Plasma immersion ion implantation reactors employing D.C. (or pulsed D.C.) plasma source power are susceptible to drift in the plasma ion current due to deposition of material on internal reactor components from the plasma. Such reactors therefore require precise real-time dosimetry. This problem has been addressed by providing a small orifice in the wafer support pedestal or cathode outside of the wafer periphery, for plasma ions to pass through into the interior volume of the cathode. An electrode sometimes referred to as a Faraday cup faces the orifice and is biased to collect the ions passing through the orifice. The interior of the cathode can be evacuated to a slightly lower pressure than the plasma chamber to ensure efficient collection of ions through the orifice. A current sensor inside the cathode interior measures the current flowing between the ion-collecting electrode and its bias source. This current can be used as the basis of a dosimetry measurement. One problem with such an arrangement is that the current measurement cannot distinguish between different atomic species, and therefore cannot provide an accurate measurement of the species of interest (e.g., boron). Another problem is that the transmission of the measured current from the current sensor inside the cathode interior to an external controller or processor can be distorted by the noisy electromagnetic environment of the plasma reactor.
Another problem is that the orifice in the cathode constitutes an intrusion upon the ideal plasma environment, because the orifice can distort the electric field in the vicinity of the wafer periphery. Furthermore, plasma passing through the orifice can cause problems by either sputtering the orifice surfaces or by depositing on the orifice interior surfaces, requiring the periodic cleaning of the orifice interior.

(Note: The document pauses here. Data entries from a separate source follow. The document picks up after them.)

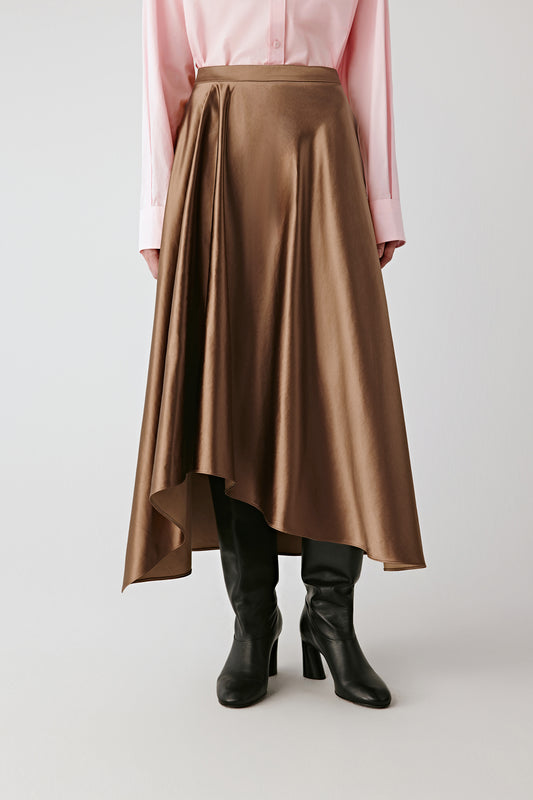 Front view showing the asymmetric hem and the luminous sheen of the satin weave.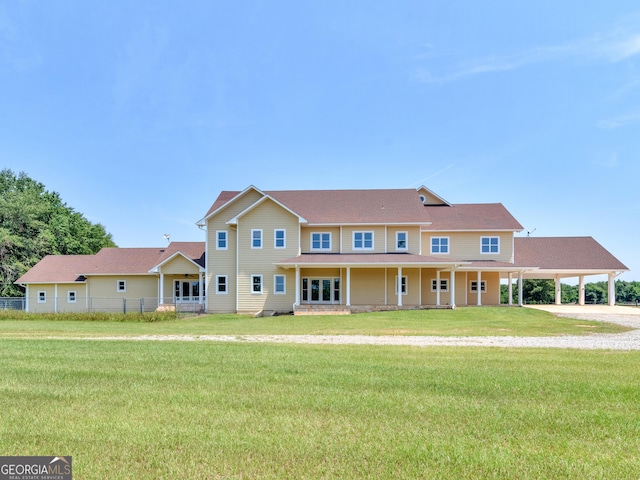 view of front of property featuring a front lawn, fence, and a carport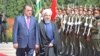 Tajik President Emomali Rahmon (left) welcomes Iranian President Hassan Rohani in Dushanbe.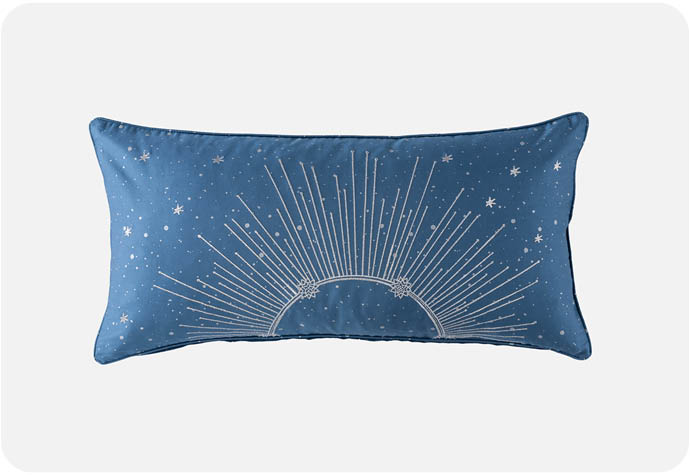 Our Supernova Boudoir Cushion Cover features a celestial silver design on rich blue fabric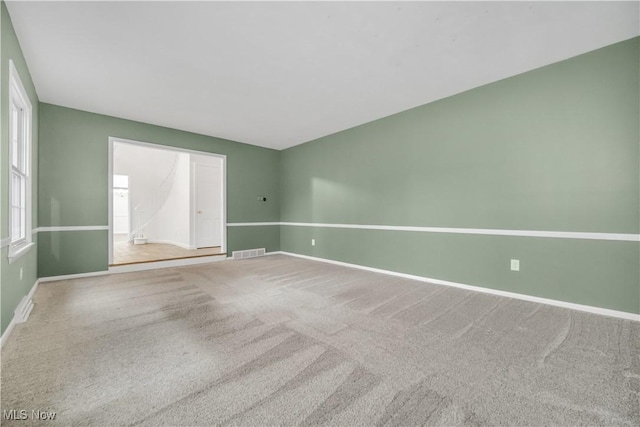 empty room with carpet flooring, visible vents, and baseboards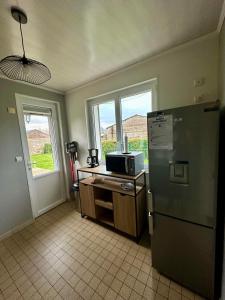 a kitchen with a refrigerator and a counter with a microwave at Gîte "clé de la Baie" avec jacuzzi jusqu'à 7 pers in Woincourt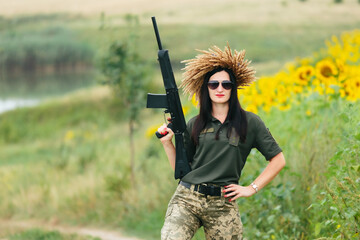 Female soldier in military uniform. A girl in a military uniform with a weapon. Ukrainian woman in a wreath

In plasma immersion ion implantation reactors employing RF plasma source power, precise or real-time dose measurement typically is not critical. This is due in part to the fact that an RF plasma is relatively impervious to deposition of material on internal chamber components, so that the ion flux at the wafer surface does not drift significantly, compared to a reactor employing a D.C. plasma source. Moreover, real-time dose measurement in such a reactor is difficult. For example, the harsh RF environment of such a reactor would distort an ion current measurement taken inside the cathode (as described above) as it is conveyed to an external controller or processor. To avoid such problems, implant dose can be reliably controlled based upon the predicted or estimated time required to reach the target implant dose.
Nevertheless, it would be beneficial if precise real-time dosimetry could be provided in an RF plasma immersion ion implantation reactor. Moreover, in either a D.C. or RF plasma immersion ion implantation reactor, it would be beneficial if precise real-time dosimetry could be provided without any intrusive features, such as (for example) the ion-collecting orifice in the cathode referred to above.